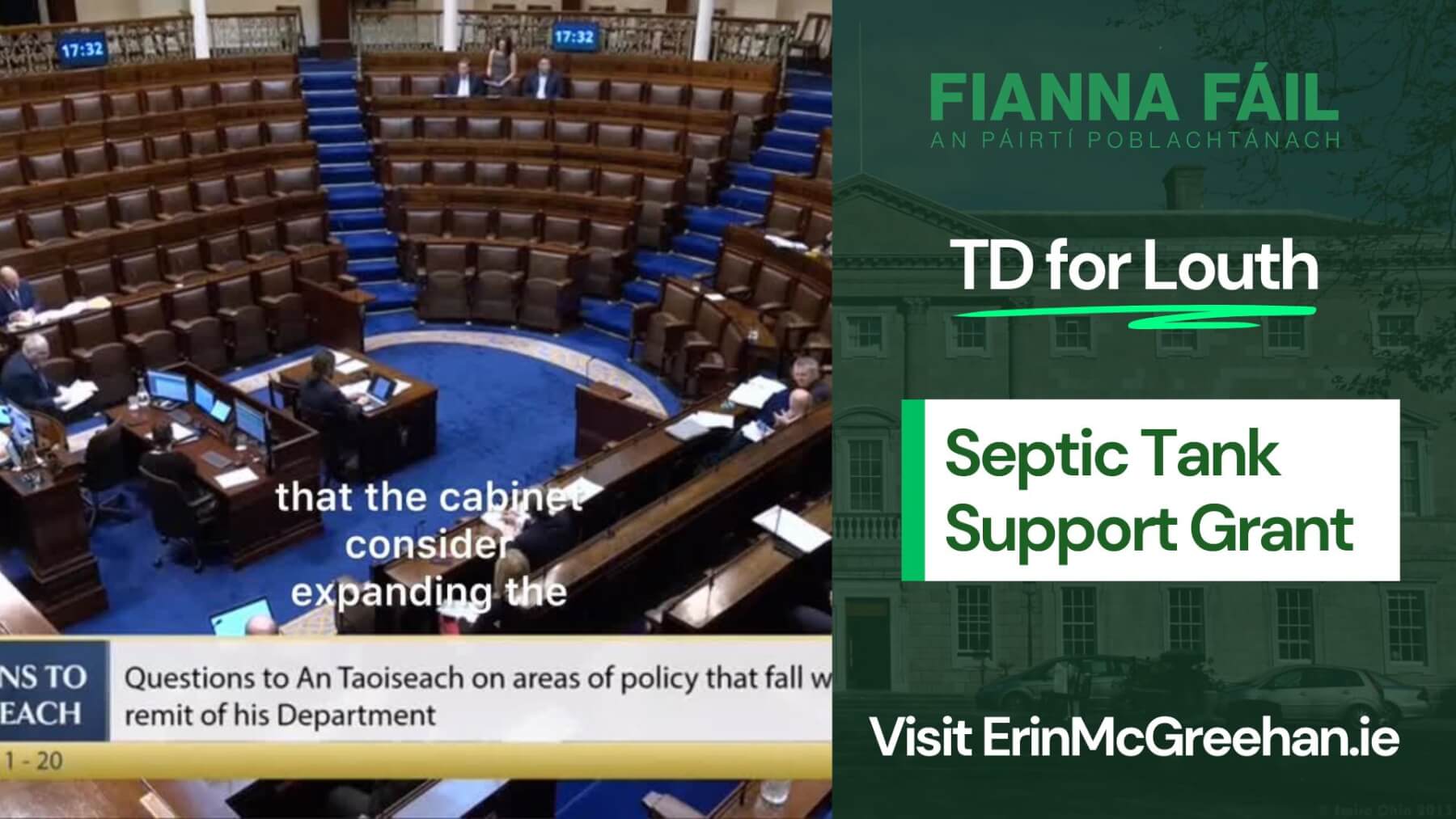Septic Tank Support Grant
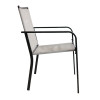 Hot Sale Outdoor Furniture 2x1 Teslin Modern Comfort Flex Metal  Patio Chair with Arm Popular Outdoor Garden Chair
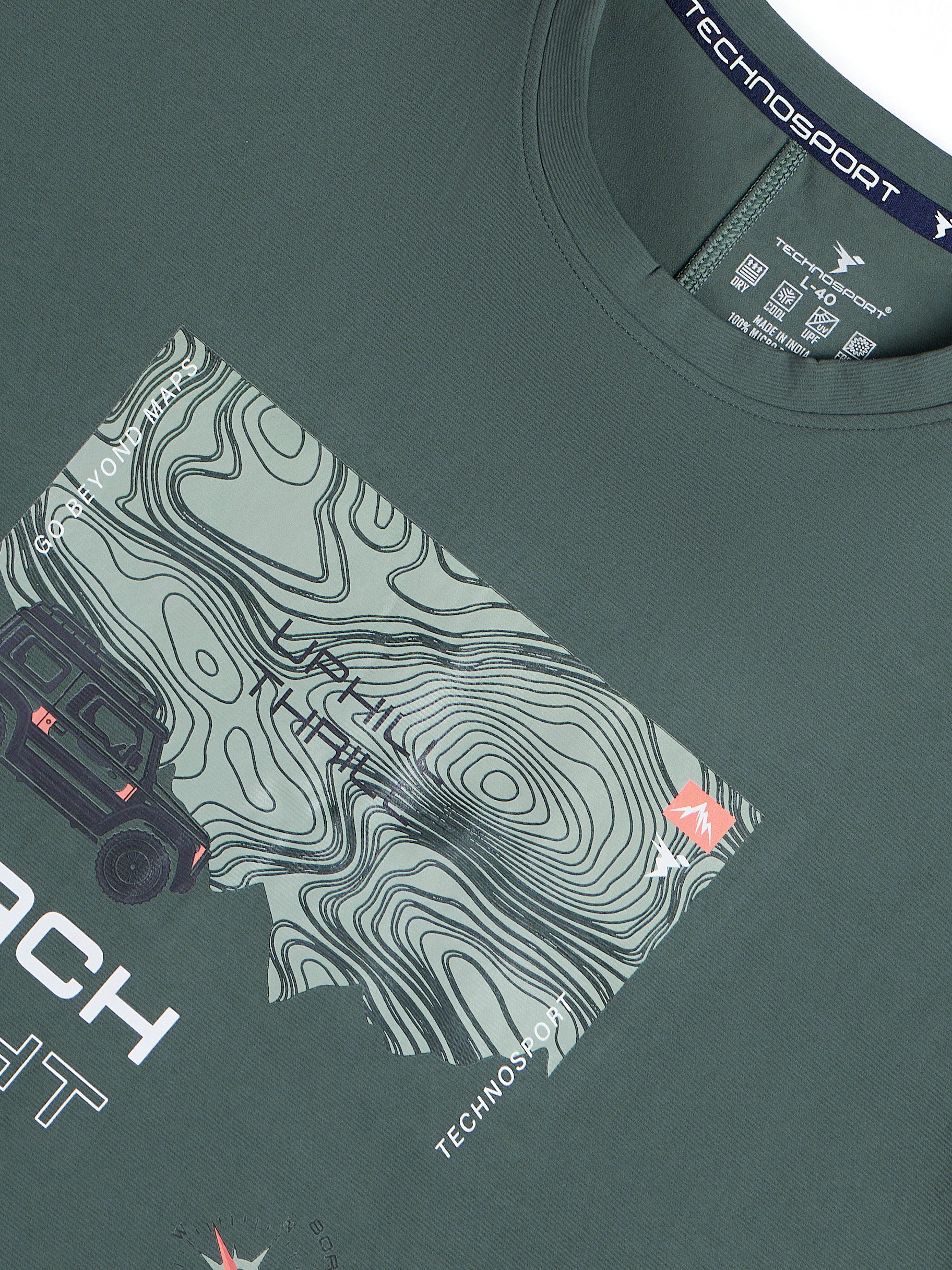 Men Printed Oversized Round Neck Sports T-shirt with ELASTO PLUS - Image 7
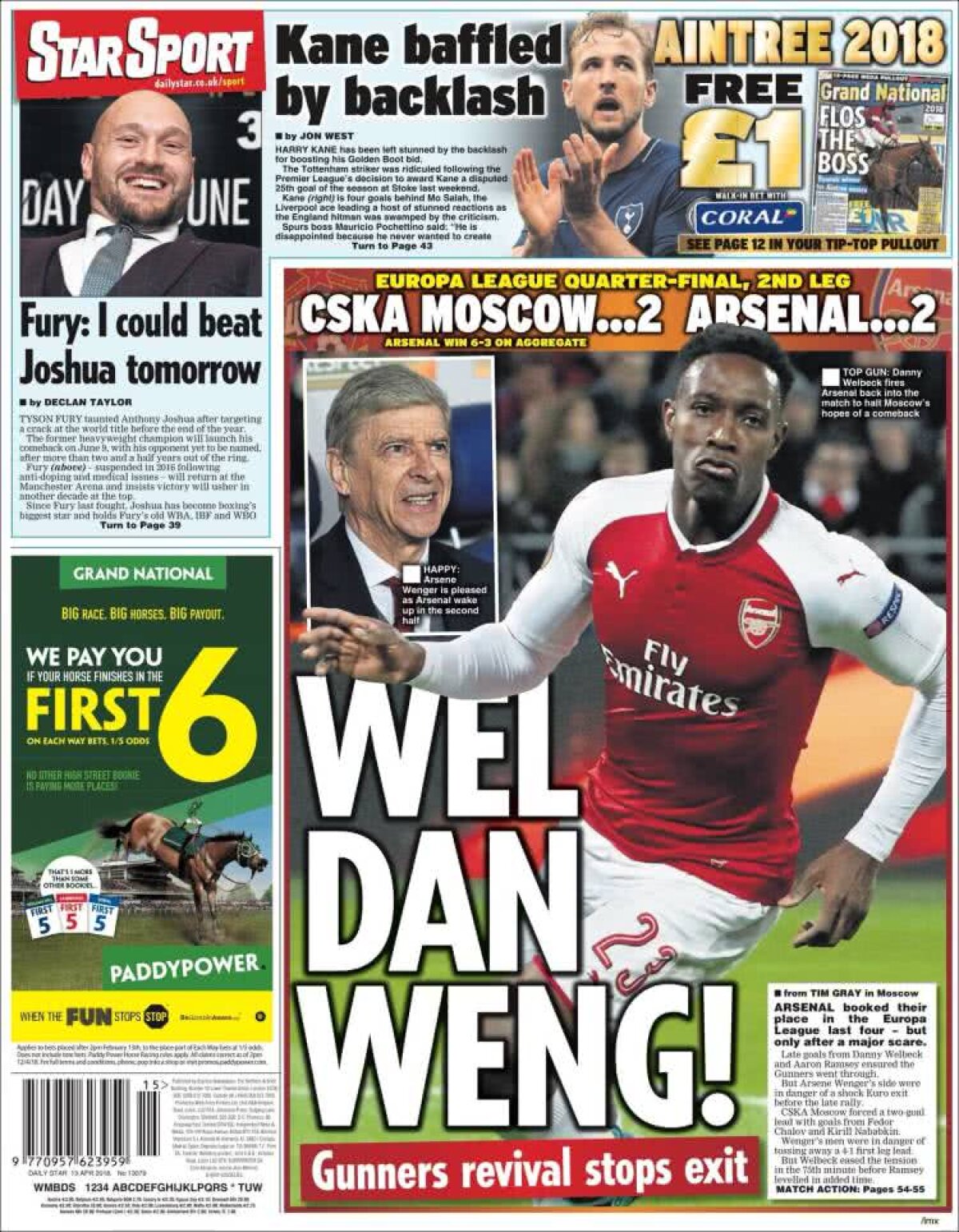 Ce scriu azi ziarele de sport din lume (13 aprilie 2018)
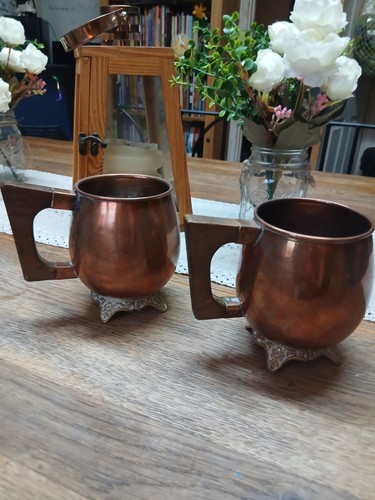 Vintage pair copper brass - pair,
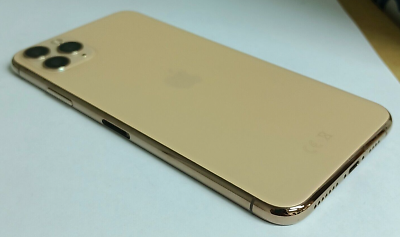 iPhone 11 Pro Max back housing w/small parts & cameras, used-Good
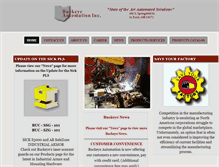Tablet Screenshot of buckeyeautomation.com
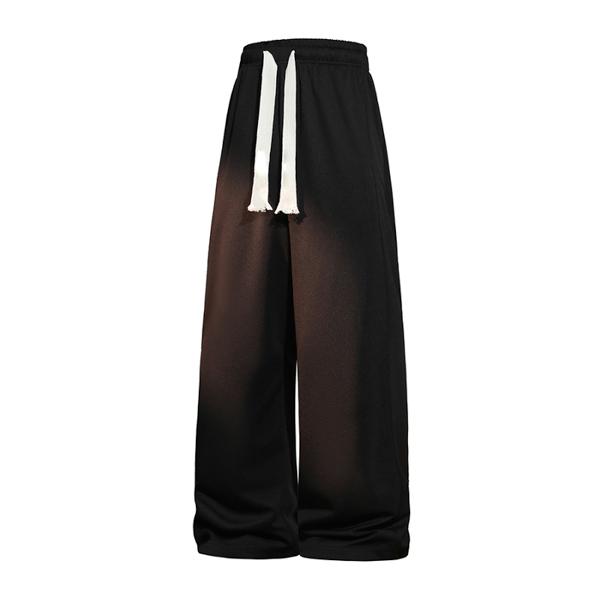 Men's Comfy Wide Leg Sweatpants, Loose Drawstring Casual Trousers, Streetwear Lounge Wear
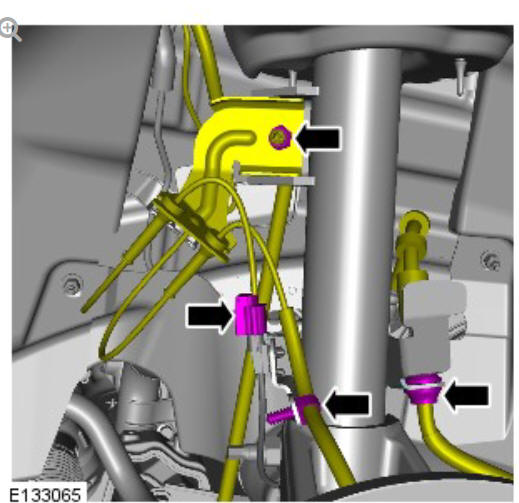 Front suspension shock absorber and spring assembly (G1779643) - Removal 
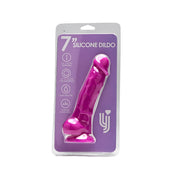 Loving Joy Realistic – dildo silikonowe 18,5 cm, fioletowe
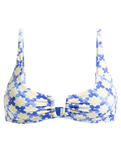 The Roxy Womens Artsy Tile U Bralette in Dazzling Blue Tile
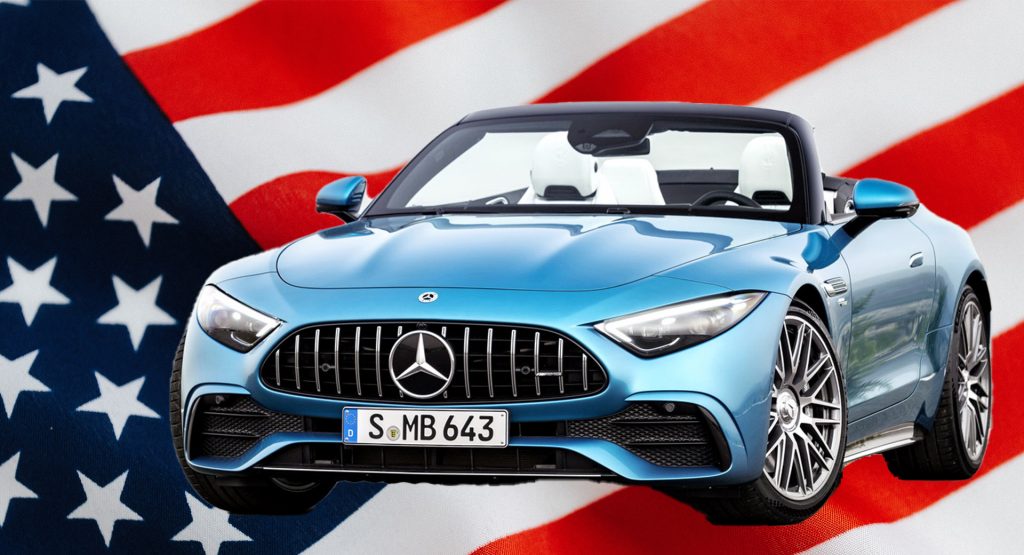  Mercedes Says It’s Considering 4-Cylinder AMG SL 43 For U.S., But Do You Even Want It?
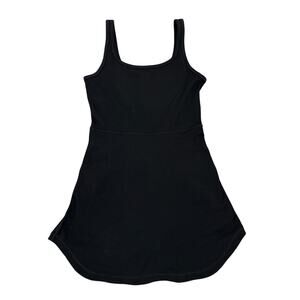 Nike One Dri-Fit Black RIbbed Dress Size Women's Small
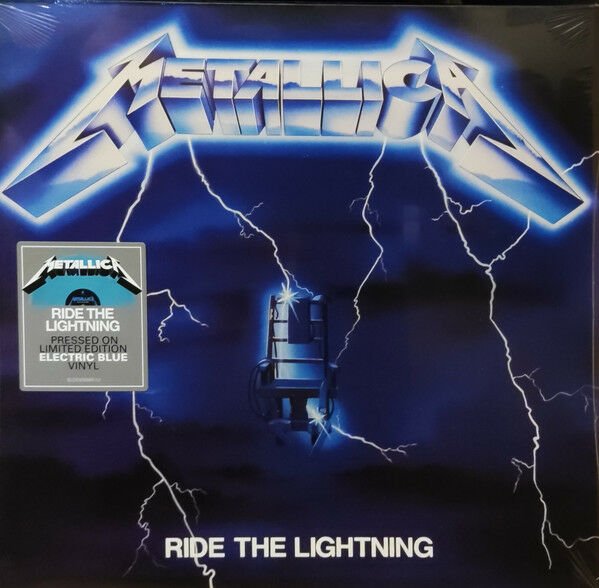METALLICA - RIDE THE LIGHTNING (1984) - LP 2023 LIMITED EDITION ELECTRIC BLUE VINYL RENKLİ SIFIR PLAK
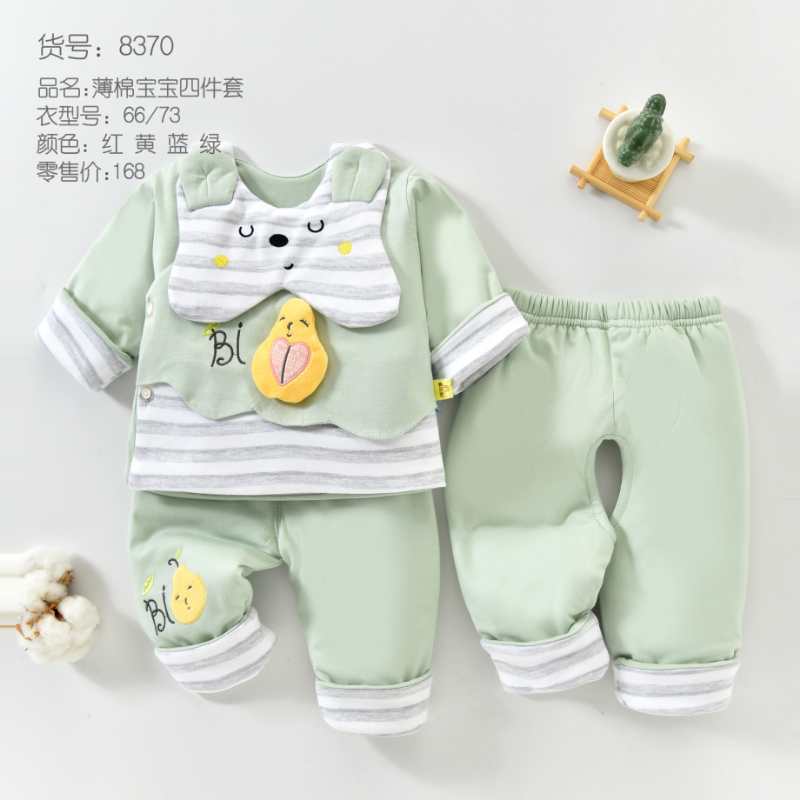 四件套薄款棉衣。春秋冬款产品图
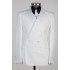 Jack Stylish White Jacquard Peaked Lapel Wedding Men Suit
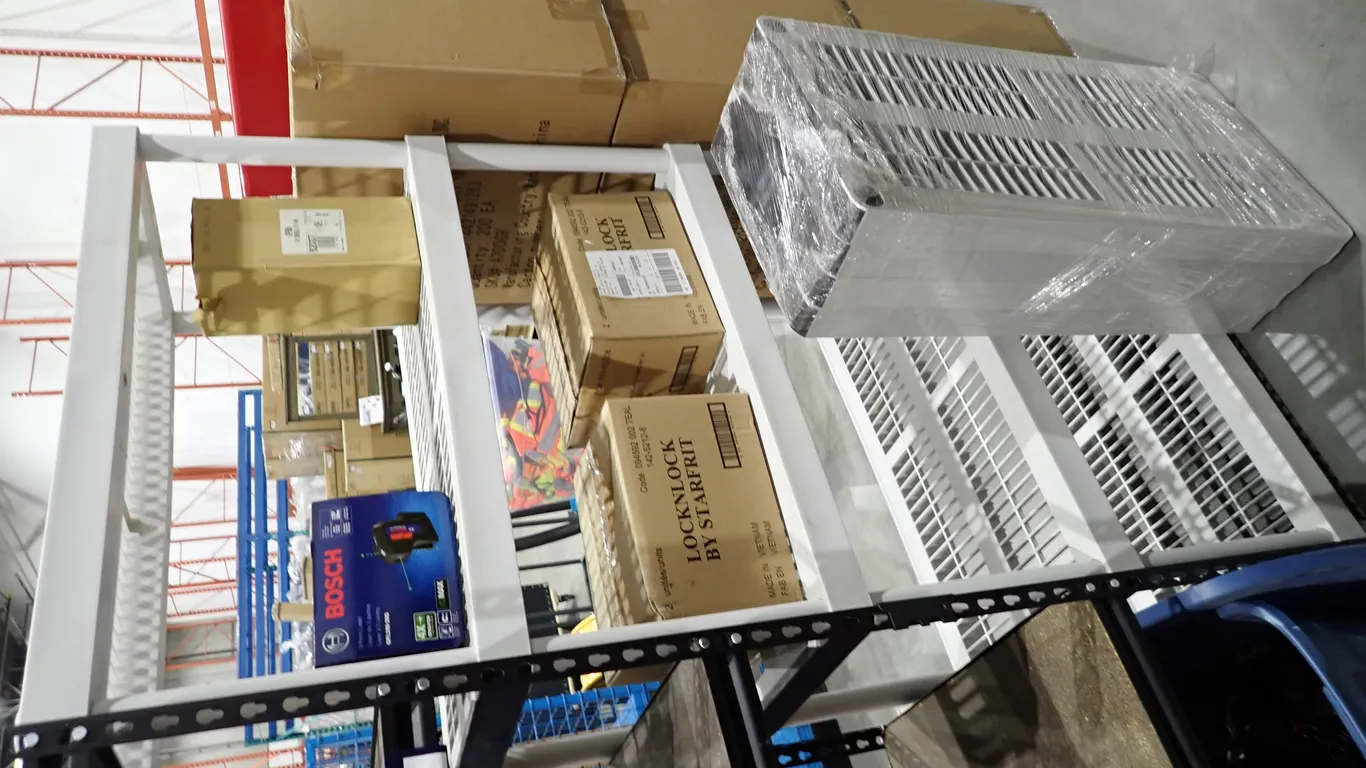 Lot of (2) Plastic Shelving Units.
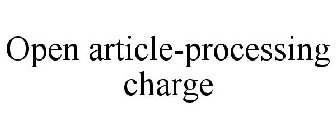 OPEN ARTICLE-PROCESSING CHARGE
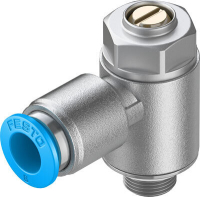 Дроссель с обратным клапаном Festo GRLA-1/8-QS-8-MF-D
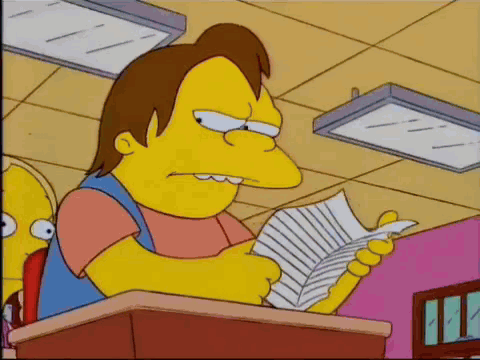 Simpsons Milhouse GIF
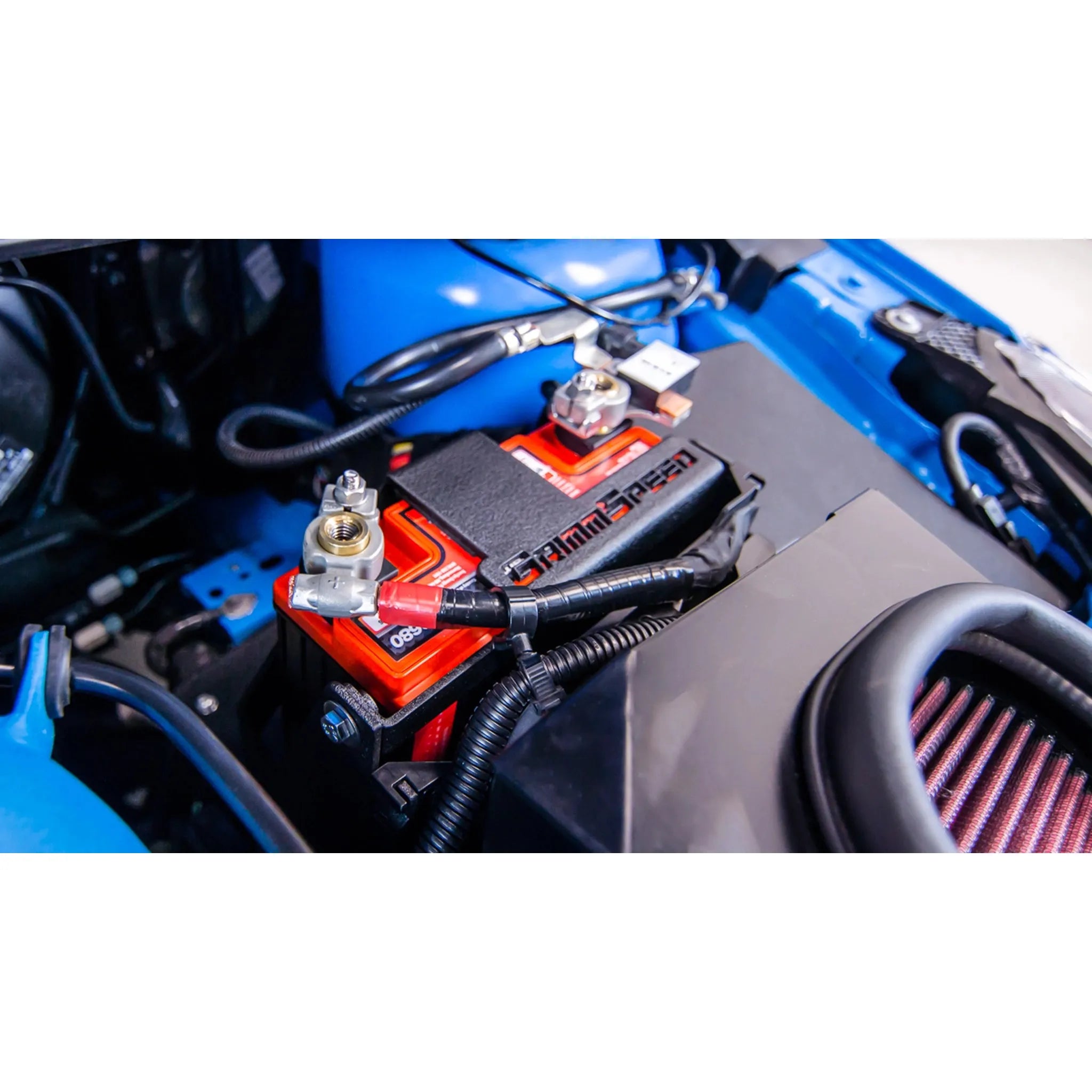 GrimmSpeed 16+ Ford Focus RS Lightweight Battery Mount - T1 Motorsports
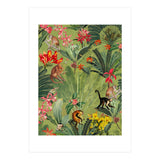 Monkeys In Tropical Jungle Paradise (Print Only) thumbnail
________________________________________
▶ **Assignment**
Take the entries above and copy exactly the lines starting at the one with "四件套薄款棉衣。春秋冬款产品图" and ending at the one with "GrimmSpeed 16+ Ford"; nothing outside that span, and no pictures.

▶ **Exercise answer**
 四件套薄款棉衣。春秋冬款产品图
 Jack Stylish White Jacquard Peaked Lapel Wedding Men Suit
 Lot of (2) Plastic Shelving Units.
 OPEN ARTICLE-PROCESSING CHARGE
 Дроссель с обратным клапаном Festo GRLA-1/8-QS-8-MF-D
 Simpsons Milhouse GIF
 GrimmSpeed 16+ Ford Focus RS Lightweight Battery Mount - T1 Motorsports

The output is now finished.